### AIM OF THE EXERCISE
Go through the listing below and output exactly the line with "CONTERA EXT. TRANSP.", the line with "509 Series Electric Guitar with Case - Black", and each line between; omit the rest.

### DATA UNDER STUDY
------------------------------------------------------------------------

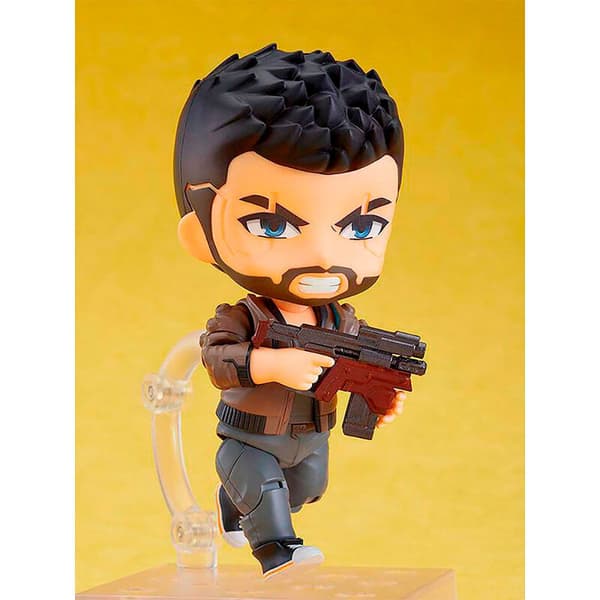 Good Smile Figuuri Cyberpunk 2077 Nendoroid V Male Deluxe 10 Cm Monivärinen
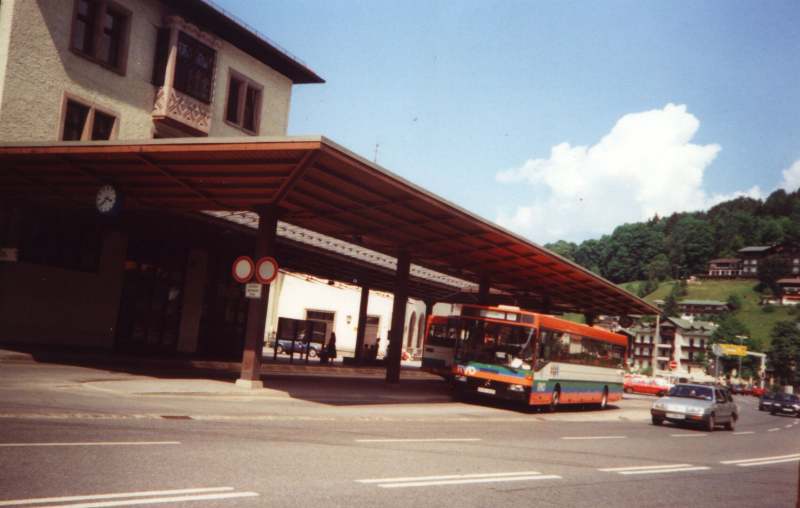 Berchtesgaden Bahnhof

------------------------------------------------------------------------

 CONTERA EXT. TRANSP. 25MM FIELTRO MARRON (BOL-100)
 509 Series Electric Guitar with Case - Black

------------------------------------------------------------------------

### RESPONSE BELOW
 CONTERA EXT. TRANSP. 25MM FIELTRO MARRON (BOL-100)
 509 Series Electric Guitar with Case - Black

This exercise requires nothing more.